Mike McCormack, NFL Hall of Famer, dies at 83


Seattle Seahawks head coach Mike McCormack claps his hands while shouting encouragement to his players during an NFL football game in 1982. (Dave Ekren/AP)

Mike McCormack, a Hall of Fame lineman with the Cleveland Browns who later coached and held executive positions with several National Football League teams, died Nov. 15 at a hospice near his home in Palm Desert, Calif. He was 83.

Carolina Panthers spokesman Charlie Dayton confirmed the death. Mr. McCormack reportedly had a heart ailment.

He spent 12 seasons with the Browns and helped the franchise win NFL championships in 1954 and 1955. Mr. McCormack, who was inducted into the Pro Football Hall of Fame in 1984, blocked for such giants of the era as quarterback Otto Graham and running back Jim Brown.

Mr. McCormack was instrumental in helping the Panthers land an NFL franchise in Charlotte in 1993 and was the first person selected for the team’s Hall of Honor.
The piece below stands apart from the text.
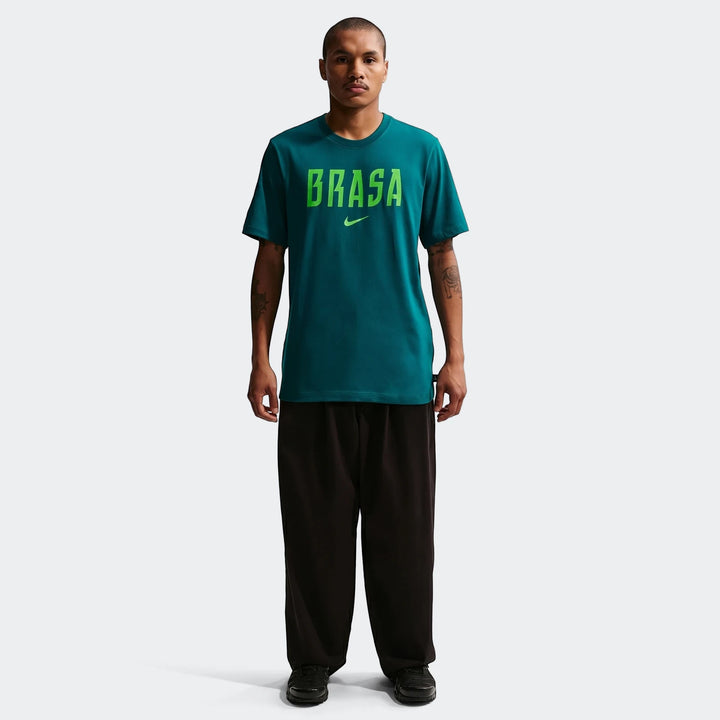 Full body shot of a man wearing a Brazil Green Men's Nike Soccer T-Shirt. The teal t-shirt features green 'BRASA' lettering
“It is safe to say that we would probably not have a team in the Carolinas if it were not for Mike McCormack,” Panthers owner Jerry Richardson said in a statement. “He had the contacts in the National Football League and was universally respected by everyone associated with professional football.”

Cleveland Browns offensive tackle Mike McCormack in 1959. (NFL Photos/AP)

Michael Joseph McCormack was born June 21, 1930, in Chicago and played football at the University of Kansas. He first played in the NFL in 1951 with the old New York Yanks, served two years in the Army and then was traded to the Browns before the 1954 season.

The 6-foot-4, 246-pound Mr. McCormack played middle guard on the Browns’ defense in his first season in Cleveland. In a key play in the 1954 NFL championship game, he stole the ball from Detroit quarterback Bobby Layne, leading to a Cleveland touchdown. The Browns won the title, 56-10.

The next year, Mr. McCormack switched to offensive right tackle, and the Browns again won the championship, beating the Los Angeles Rams in the title game.

After Jim Brown, a fullback, joined the team in 1957, Mr. McCormack helped clear the way for one of the most dominant runners in NFL history. Mr. McCormack retired as a player in 1962.

At his Hall of Fame induction ceremony in 1984, his coach, Paul Brown, called Mr. McCormack “the finest offensive lineman I have ever coached.”

In 1994, USA Today named Mr. McCormack to its 75th anniversary all-NFL team, listing him as one of the three best tackles in league history.

Mr. McCormack began his coaching career as an assistant with the Washington Redskins. He worked under head coaches Vince Lombardi and George Allen, among others, in Washington between 1965 and 1972.

As head coach of the Philadelphia Eagles (1973-75), Baltimore Colts (1980-81) and Seattle Seahawks (1982), Mr. McCormack had a combined record of 29-51-1.

He later served as president and general manager of the Seahawks and for two years was president of the Panthers.